We’ve seen plenty of World War I movies, but never one quite like They Shall Not Grow Old. Comprising archival footage, propaganda and photo stills, which have been digitally remastered and colorized in 3D, the documentary is a fascinating look at the experiences of soldiers during the Great War.
Through interviews with British soldiers, whom we hear but never see, Lord of the Rings director Peter Jackson shows us the life of a grunt before, during and after the war. It took Jackson and his team roughly a year to catalogue more than 700 hours of footage (much of which has never been seen) at the Imperial War Museum in London; they then selected their material and whittled the film down to a 99-minute run time. The result is a testament to those who had no idea they were sacrificing so much for the freedom of others.
The opening half-hour is in black-and-white, and it shares the mind-frame of most young men as the war began: brash, eager, ignorant and completely bereft of any sense of despair. They didn’t even have a solid grasp of why Great Britain was fighting in the first place, but one man sums up the jingoism of the day when he says, “We couldn’t possibly lose.”

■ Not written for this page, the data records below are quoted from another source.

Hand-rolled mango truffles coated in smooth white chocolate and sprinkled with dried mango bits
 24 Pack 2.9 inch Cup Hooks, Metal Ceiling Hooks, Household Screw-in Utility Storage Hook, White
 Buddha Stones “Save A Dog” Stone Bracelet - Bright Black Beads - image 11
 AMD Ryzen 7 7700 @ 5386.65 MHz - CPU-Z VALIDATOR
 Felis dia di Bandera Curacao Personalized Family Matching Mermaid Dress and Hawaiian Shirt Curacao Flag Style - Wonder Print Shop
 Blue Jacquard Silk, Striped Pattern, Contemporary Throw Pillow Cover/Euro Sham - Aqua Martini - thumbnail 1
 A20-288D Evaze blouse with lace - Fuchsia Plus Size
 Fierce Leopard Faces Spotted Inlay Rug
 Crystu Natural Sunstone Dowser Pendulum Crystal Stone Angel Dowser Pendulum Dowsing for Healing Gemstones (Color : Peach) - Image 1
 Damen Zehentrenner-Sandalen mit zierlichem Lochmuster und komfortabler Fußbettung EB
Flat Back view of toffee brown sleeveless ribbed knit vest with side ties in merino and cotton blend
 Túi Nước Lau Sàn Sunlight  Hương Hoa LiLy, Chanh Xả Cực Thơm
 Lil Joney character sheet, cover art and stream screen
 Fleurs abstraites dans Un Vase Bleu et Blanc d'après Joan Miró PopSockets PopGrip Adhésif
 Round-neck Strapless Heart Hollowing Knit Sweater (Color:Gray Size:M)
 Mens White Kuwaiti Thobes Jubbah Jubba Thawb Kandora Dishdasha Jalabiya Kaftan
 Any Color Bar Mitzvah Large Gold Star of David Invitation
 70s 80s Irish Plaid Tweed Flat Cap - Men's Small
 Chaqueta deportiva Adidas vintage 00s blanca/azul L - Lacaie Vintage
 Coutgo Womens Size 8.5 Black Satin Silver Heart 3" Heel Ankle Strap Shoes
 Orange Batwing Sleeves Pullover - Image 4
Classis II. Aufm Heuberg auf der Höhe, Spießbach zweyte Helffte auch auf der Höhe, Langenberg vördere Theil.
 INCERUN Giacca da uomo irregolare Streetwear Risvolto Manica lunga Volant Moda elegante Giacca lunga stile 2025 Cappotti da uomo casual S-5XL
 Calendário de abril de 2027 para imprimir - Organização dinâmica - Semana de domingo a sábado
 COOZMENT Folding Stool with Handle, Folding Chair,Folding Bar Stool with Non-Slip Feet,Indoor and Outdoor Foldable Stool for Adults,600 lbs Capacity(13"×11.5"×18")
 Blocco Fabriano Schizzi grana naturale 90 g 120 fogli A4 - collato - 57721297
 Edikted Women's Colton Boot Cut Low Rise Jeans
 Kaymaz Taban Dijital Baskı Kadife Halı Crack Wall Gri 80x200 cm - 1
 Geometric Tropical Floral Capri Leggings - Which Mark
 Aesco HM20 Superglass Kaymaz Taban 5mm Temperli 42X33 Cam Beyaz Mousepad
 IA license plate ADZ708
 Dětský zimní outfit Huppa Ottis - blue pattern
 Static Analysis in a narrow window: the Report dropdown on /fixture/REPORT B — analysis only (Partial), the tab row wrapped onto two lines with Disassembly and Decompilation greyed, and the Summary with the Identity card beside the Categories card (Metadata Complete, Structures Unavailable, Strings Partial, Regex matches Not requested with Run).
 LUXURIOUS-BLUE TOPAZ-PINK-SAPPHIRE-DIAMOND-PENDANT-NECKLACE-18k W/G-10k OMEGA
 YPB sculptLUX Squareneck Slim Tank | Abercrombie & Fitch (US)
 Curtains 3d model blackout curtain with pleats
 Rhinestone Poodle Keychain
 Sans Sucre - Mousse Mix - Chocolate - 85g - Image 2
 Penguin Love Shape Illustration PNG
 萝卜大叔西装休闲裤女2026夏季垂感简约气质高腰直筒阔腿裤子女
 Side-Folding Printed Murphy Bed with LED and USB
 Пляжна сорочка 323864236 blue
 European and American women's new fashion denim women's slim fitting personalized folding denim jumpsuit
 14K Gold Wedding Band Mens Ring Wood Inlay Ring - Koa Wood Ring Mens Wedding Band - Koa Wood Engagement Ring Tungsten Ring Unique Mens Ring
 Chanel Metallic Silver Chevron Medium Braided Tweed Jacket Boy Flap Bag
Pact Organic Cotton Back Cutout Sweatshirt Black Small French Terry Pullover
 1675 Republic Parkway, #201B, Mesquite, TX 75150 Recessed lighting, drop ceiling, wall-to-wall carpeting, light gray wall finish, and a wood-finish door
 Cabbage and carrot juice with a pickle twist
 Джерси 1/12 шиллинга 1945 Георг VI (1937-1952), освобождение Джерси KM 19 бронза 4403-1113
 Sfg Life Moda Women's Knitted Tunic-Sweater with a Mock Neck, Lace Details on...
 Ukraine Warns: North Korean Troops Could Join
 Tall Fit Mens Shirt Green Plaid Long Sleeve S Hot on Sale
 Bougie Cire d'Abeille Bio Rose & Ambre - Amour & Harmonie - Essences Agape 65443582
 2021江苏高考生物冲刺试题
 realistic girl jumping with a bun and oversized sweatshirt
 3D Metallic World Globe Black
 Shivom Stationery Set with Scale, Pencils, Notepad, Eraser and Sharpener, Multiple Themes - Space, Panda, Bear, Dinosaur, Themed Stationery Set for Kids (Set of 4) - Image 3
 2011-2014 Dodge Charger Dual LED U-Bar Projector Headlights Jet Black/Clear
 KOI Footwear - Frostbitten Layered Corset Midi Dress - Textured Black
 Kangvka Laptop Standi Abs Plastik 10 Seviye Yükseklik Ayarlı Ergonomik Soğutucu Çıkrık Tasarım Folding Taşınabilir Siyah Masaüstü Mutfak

Once the men get to the battlefield, the movie turns to color—because, for the soldiers, things got very real very fast. The colorization isn’t perfect—some faces look distorted and/or partially animated—but the jolt of reality serves its purpose, allowing the viewer to emotionally connect. To be sure, there’s plenty you don’t want to see, from dead bodies tangled in barbed wire to gangrenous limbs, ripe for amputation. It all works effectively, though, to bring these men to life once again, and allows for an appreciation that would otherwise not be so palpably felt.
This is far from a Hollywood war movie, the sort of film in which the conflict with the enemy is sometimes secondary to rivalries within one’s own platoon. Here, instead of high drama, we learn minute details such as uncomfortable boots making it hard to march, the general indifference toward horrible food, and how the soldiers battled lice, rats and other animals. It’s a revelation, an insight into an unpleasant life that also included sleeping upright (because the water in the trenches was chest-deep) and the haunting stories of reckless 15- and 16-year-olds, who lied about their age to enlist, only to find themselves in way over their heads.
It’s curious Jackson doesn’t identify the soldiers speaking, but it serves his purpose. He doesn’t want They Shall Not Grow Old to be about an individual soldier; he wants the men we see to represent all the roughly one million British Empire soldiers who died in the war. It may be a bit tedious at times but, overall, Jackson has succeeded wonderfully.